Marvels like Guru Dutt are diehard narcissists, who are completely submerged in their own creations. It appeared that Guru Dutt had created his own world and characters therein where he not only interacted with these imaginary characters but lived in them. His ideal world reflecting a just society and moralistic value system transcended into the reel within characters, which became the source of conflict in his real life.

Beginning of the End

Guru Dutt developed a strong sense of self-doubt with the failure of ‘Kagaz ke Phool; a film on which he almost invested his life and fortune that crashed at the box office. While he consoled himself by believing that the film was well ahead of its time; critics and viewers, however, had an entirely different and rather hostile opinion. The self-doubt most likely made him consider a break for which he probably didn’t want to direct his next venture, Saheb Bibi Aur Ghulam. Abrar Alvi, his trusted friend and associate, whom Guru Dutt offered the responsibility of directing SBAG reveals about Guru Dutt’s impatience and positive indulgence during its making. His insecurities were evident from his insistence to shoot all the songs of SBAG that he eventually did.

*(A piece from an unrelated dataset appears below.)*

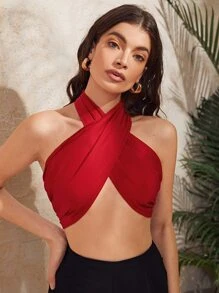 Fringe Trim Detail Halter Top - Red - View 1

Guru Dutt died at a very young age of 39 years. By that age, he not only had positioned himself in the international celluloid map but back home was already being regarded as the ‘film maker of the century’. He was placed in a pedestal where he found none other than himself. What appears to have remained unanswered is ‘what was left for him to achieve?’  As windows of success keep opening, crafty creators like Guru Dutt are likely to move their goal posts fast by setting up very high standards that at times becomes impossible to achieve, thereby, inviting creative and emotional setbacks, which are hard to handle.

On the 10thmorning, the living room door was broken into find the genius sleeping quietly on his bed. A wooden Geeta Dutt stood to remember his last words the previous night, if you don’t send her now, you will see my dead body tomorrow’.